One of my oldest friends is a chess champion. Some time in the mid-naughties, he told me that he started making regular income from online poker. ‘It’s all about playing the odds,’ he said, ‘and beating the bad players. If you don’t get emotional, over time, statistically, you win.’ And when I inquired how much: ‘It comes down to about 30-40 euros an hour.’
I wasn’t sure if I found this glamorous or dreary. Making money this way seemed atypical, bohemian, and smart – in line with my friend’s overall character. I admired him for it. On the other, the details were not attractive, and the return ultimately mediocre: you stare at a screen all night, computing statistics, for 30-40 euros an hour – strip down the glamour, how does that radically differ from an accounting job?
Today, I read a chapter of Nate Silver’s The Signal and the Noise about poker players. People picked up the game as a full time source of income during boom times in the US. Regulations against online gambling eventually killed opportunities: they were able to continue through offshore websites, but only the better players remained, while the bad ones went, raising the bar of competition too high for most.

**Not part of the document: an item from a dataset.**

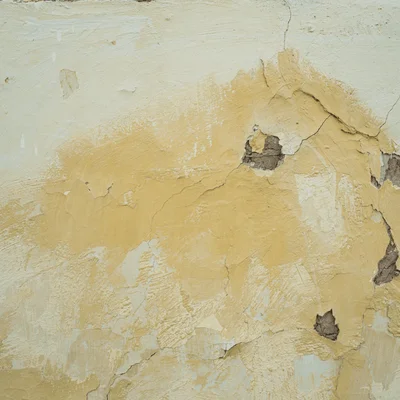 Discolored Walls - SS Water Restoration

One thing I enjoyed about Nate Silver’s book is that he never questions the ethical dimension of online poker as a source of income – thus avoiding moralistic rabbit holes, and leaving space for articulated thinking on probabilities and risk=taking. After reading him, thinking back of my friends, I wonder about my own puritanical emotions. Surely, making a living from online gambling is not entirely right – it’s a parasitic activity, nothing is created, no social value arises. Yet there are other ways to look at it.
For one, it’s allowed, it’s fun, and it does open opportunities to smart, atypical, bohemian types to make a living – or even a fortune – in their own way. David Walsh gambled, then opened Mona. Social benefits may take indirect routes, if we let them.
More arrestingly, gambling may teach us something, whether we take part, or observe. It provides clear, direct incentives to be smart, understand bluff, and think probabilistically. It creates an immediate economic need for intelligent behaviour. I can think of a few settings where this would be desirable. Maybe that’s a future for applied maths?